■ TASK DETAILS: Span requested from the data below: the line with "This motor burns" through the line with "You decided to", both included. Give only these lines again, exactly, and leave every picture out.

■ RECORDS SHOWN:
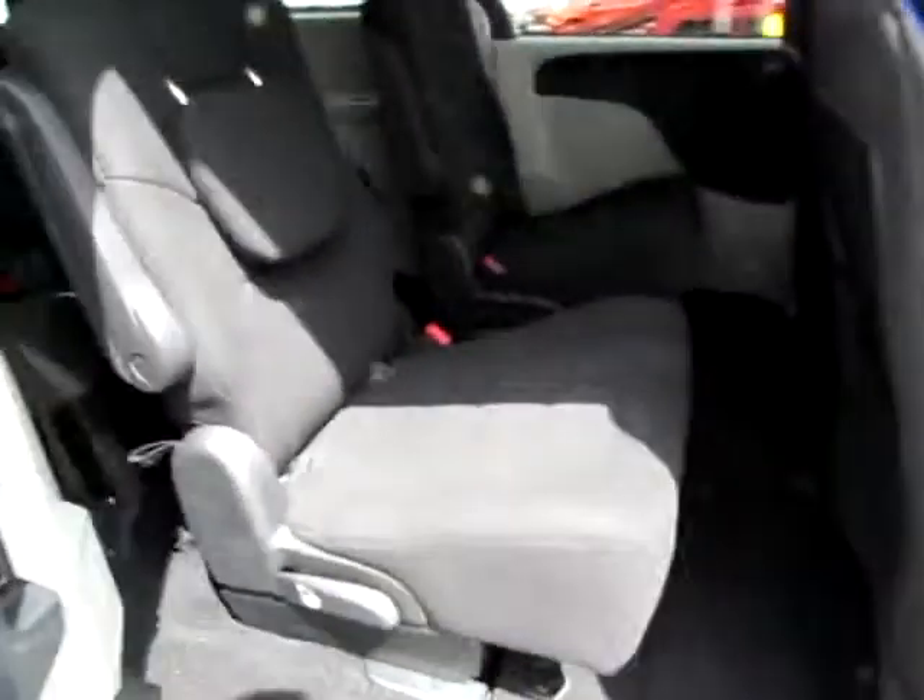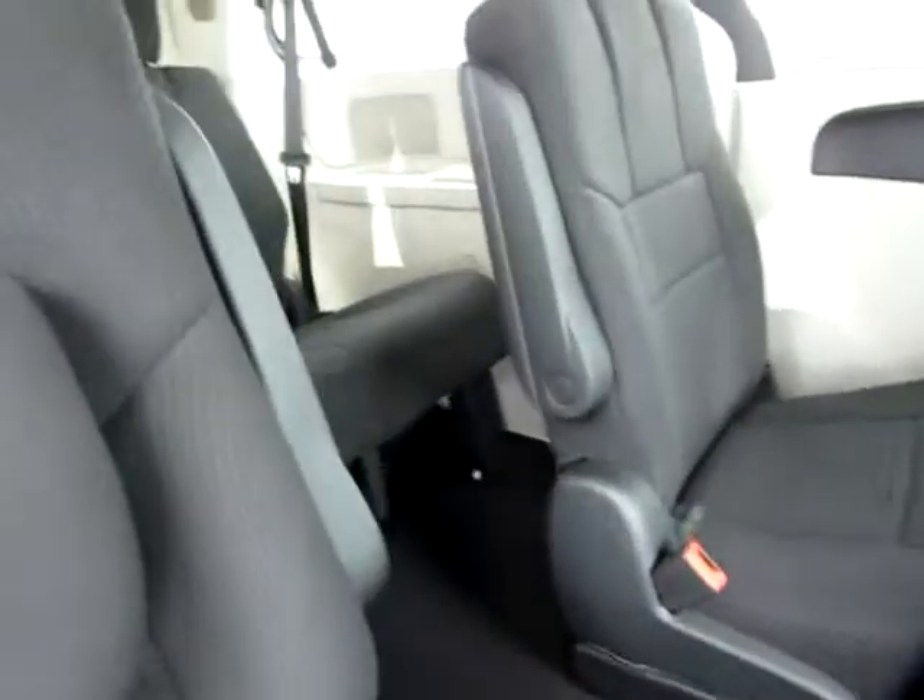Stow and go, so you can fold these seats right into the floor — very handy when you've got a large amount of baggage. Lots of comfort space on the ceiling as well.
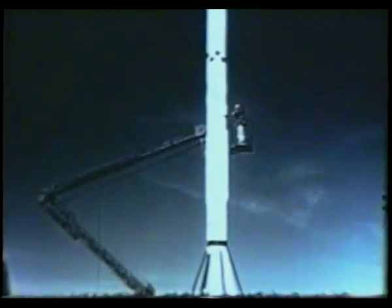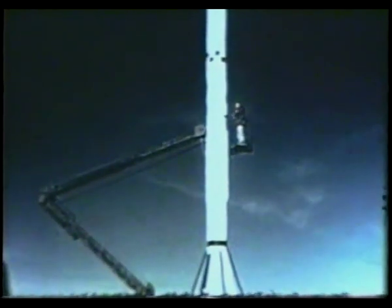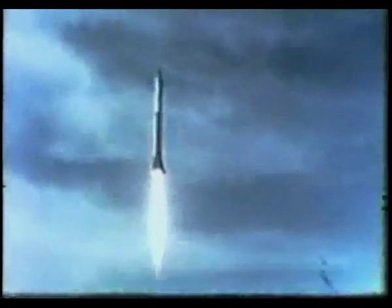This motor burns only during the initial portion of its trajectory. After the fuel has been shut off at a position and velocity required to hit a particular target, the Corporal follows a ballistic trajectory.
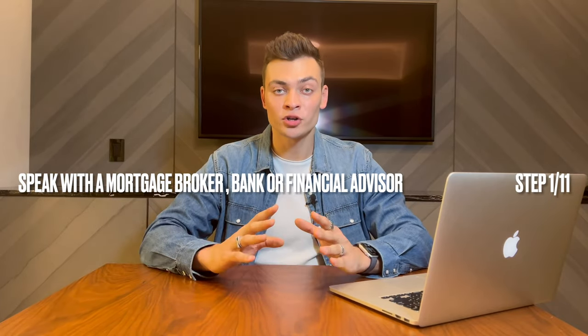You decided to buy. Maybe you've been renting an apartment in the city for a while and realized that paying your own mortgage is better than paying your landlord's mortgage. Maybe you're relocating from another state, or maybe you want an investment property and you want to rent your apartment to somebody else. First things first, speak with a mortgage broker, bank, or financial advisor.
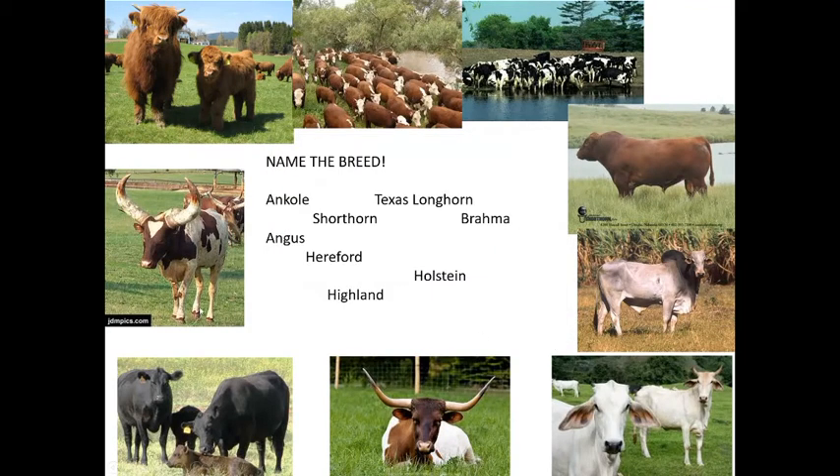We're starting with cattle diseases, beginning by identifying some breeds. The Scottish Highland is a beef breed, very hardy and does well in northern climates. You need to know the difference between beef cattle and dairy cattle. Beef cattle live primarily on their own out in pasture and are brought in a couple times a year to vaccinate, process, and deworm.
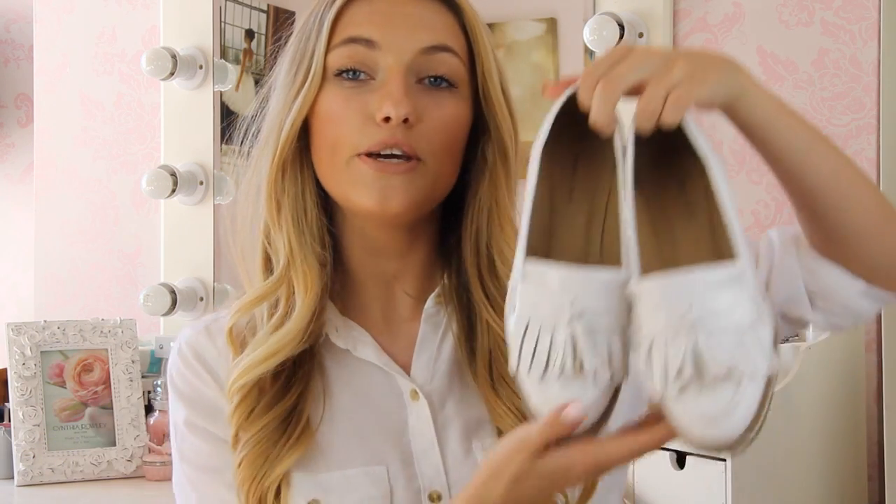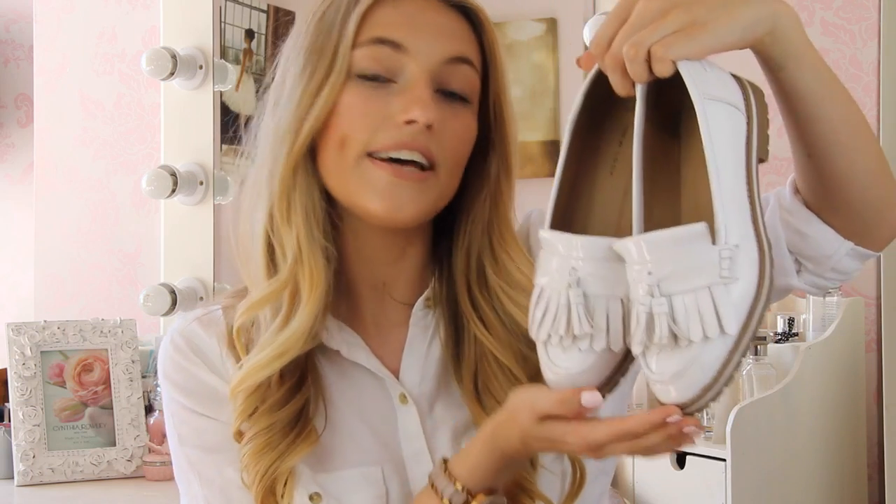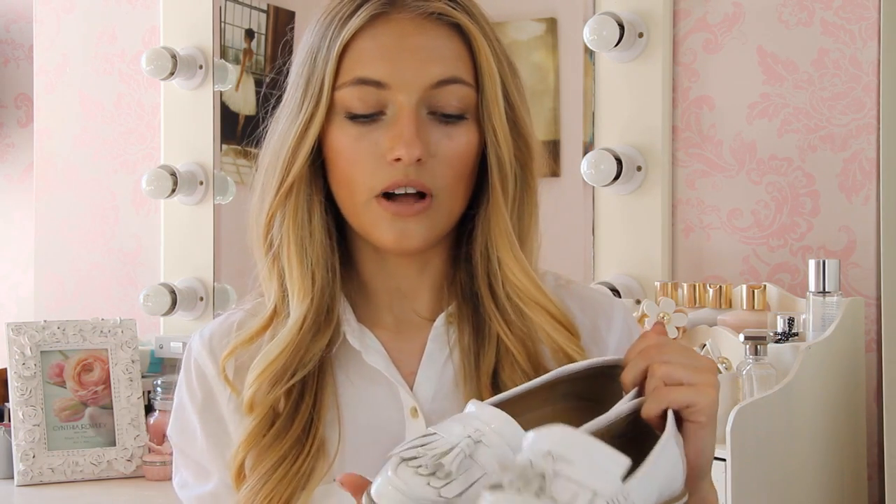My next pair of shoes, also from New Look, are these beautiful cute little white loafers — just the classic tassel loafers. These are really lovely and really affordable. They've been so comfortable and haven't rubbed at all. I've been wearing them every day and they go with every summer outfit. Loafers look cute with anything — a dress, a skirt, shorts, jeans. You can't really go wrong with pretty white ones.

■ EXPECTED ANSWER:
This motor burns only during the initial portion of its trajectory. After the fuel has been shut off at a position and velocity required to hit a particular target, the Corporal follows a ballistic trajectory.
You decided to buy. Maybe you've been renting an apartment in the city for a while and realized that paying your own mortgage is better than paying your landlord's mortgage. Maybe you're relocating from another state, or maybe you want an investment property and you want to rent your apartment to somebody else. First things first, speak with a mortgage broker, bank, or financial advisor.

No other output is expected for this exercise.